After a car crash, Liv wakes up in the body of her best friend Morgan. She has no idea what had happened to Morgan, and learns that her own body as Liv didn’t survive the crash. Unable to prove her true identity, she begins to live out Morgan’s life, and learns that before she died, Morgan had been involved in a risky scheme that (without giving too much away) involves an illicit affair and a possible murder. She also finds herself unable to forget her feelings for Liv’s boyfriend Nathan, even as she finds herself developing new and deeply complex feelings for Clay, Morgan’s boyfriend and Nathan’s brother.
Like Never and Always has an incredibly compelling premise that hooked me immediately. Who is the girl in Morgan’s body? Is it Morgan dealing with survivor’s guilt by believing she’s Liv, or is she Liv whose spirit somehow ended up surviving after her body dies? The girl has feelings and memories that seem to suggest she’s right in believing she’s Liv, but as the story progresses, she also gets flashes of memory that only Morgan could have known.
I’ll warn you right off the bat that Aguirre does come up with an explanation that ultimately satisfies her protagonist, but doesn’t quite resolve the mystery as definitively as I’d hoped. The answer isn’t quite developed enough to make this a psychological thriller or science fiction (which is what I’d expected, for some reason), nor is it definitive enough to make this effective as supernatural/horror. Rather, Aguirre is much more interested in the emotional implications on her protagonist, and despite the potentially supernatural or psychological elements, this book feels more like contemporary YA thriller than anything else.
I highly recommend suspending your disbelief, as I did, and simply letting the non-supernatural elements of the story take over, because the payoff is well worth it. I love Liv’s journey into finding her place within this new life, and I love how her new perspective in Morgan’s body made her realize some things she’d never considered as Liv. Most notable, of course, was how awesome a guy Clay really is, but I also appreciated the little touches, such as Liv realizing that she could’ve gotten away with something as Liv, but now as Morgan, she must get used to being the centre of attention and needing to be more circumspect with her appearance and behaviour. I also loved how she wanted to find a balance between fitting in as Morgan was, but also not giving up who she had been as Liv, and I thought Aguirre did a great job of depicting that part of her life.
The thriller-ish elements were a bit underdeveloped. There was the investigation into a potential killer, and the disturbing revelation of what Morgan had put herself through to get at the truth. And there is certainly some practical and emotional payoffs to how Liv handled it when she took over. But overall, I thought the threads of this subplot were resolved too simplistically, and part of me wonders how the story would have been without this subplot, and with its focus firmly on Liv getting used to her new life and the implications of taking over Morgan’s future.

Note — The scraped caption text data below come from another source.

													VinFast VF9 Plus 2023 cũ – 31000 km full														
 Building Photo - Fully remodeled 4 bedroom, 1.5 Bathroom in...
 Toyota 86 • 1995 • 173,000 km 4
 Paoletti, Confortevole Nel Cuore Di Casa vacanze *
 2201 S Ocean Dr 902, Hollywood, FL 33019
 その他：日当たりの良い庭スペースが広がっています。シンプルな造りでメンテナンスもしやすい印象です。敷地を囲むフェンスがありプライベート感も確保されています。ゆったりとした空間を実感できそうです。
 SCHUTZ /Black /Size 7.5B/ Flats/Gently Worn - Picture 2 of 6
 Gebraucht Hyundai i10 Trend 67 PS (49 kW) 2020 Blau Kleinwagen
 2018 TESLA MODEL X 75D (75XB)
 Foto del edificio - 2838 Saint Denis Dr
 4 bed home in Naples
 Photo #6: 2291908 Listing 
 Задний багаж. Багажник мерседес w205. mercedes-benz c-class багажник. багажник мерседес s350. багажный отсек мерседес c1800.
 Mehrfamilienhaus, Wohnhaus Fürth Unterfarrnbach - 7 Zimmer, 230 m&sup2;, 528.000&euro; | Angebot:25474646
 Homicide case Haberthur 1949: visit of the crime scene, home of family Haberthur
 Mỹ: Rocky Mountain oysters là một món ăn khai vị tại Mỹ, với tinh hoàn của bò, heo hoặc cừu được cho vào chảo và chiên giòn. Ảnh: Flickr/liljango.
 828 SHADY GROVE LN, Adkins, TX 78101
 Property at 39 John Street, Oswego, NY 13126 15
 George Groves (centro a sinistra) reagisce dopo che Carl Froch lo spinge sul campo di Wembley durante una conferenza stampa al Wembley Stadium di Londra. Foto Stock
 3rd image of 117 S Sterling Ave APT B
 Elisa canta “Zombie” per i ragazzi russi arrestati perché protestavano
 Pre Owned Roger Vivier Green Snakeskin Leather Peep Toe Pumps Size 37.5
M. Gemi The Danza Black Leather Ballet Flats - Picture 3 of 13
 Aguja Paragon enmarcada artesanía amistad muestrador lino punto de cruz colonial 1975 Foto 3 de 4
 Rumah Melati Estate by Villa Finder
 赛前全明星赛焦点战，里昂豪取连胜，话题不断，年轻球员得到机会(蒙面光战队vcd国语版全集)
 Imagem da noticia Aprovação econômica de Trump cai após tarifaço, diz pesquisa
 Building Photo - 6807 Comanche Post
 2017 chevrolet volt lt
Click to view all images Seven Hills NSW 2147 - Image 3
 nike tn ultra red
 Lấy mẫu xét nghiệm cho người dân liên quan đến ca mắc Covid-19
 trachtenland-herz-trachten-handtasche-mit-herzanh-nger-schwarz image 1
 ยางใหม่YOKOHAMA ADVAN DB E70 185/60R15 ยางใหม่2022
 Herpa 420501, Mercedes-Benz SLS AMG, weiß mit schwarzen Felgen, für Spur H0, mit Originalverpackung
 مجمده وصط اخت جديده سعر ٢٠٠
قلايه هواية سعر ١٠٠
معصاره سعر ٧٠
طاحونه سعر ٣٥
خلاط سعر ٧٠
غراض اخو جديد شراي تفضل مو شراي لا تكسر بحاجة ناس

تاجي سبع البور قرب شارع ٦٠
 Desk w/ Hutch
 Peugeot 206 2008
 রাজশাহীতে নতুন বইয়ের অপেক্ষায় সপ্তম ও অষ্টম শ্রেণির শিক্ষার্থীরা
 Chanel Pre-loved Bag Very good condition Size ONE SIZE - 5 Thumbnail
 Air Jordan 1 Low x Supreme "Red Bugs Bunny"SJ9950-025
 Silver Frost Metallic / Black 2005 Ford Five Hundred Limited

Overall, I really enjoyed this book. I wish some of the genre elements had been better developed and the mythology around the body swap more deeply explored, but as a whole, I thought the story worked. I was drawn to the character and her story, and I loved the emotional complexity of the new reality she has to deal with.
Thank you to Raincoast Books for an advance reading copy of this book in exchangefor an honest review.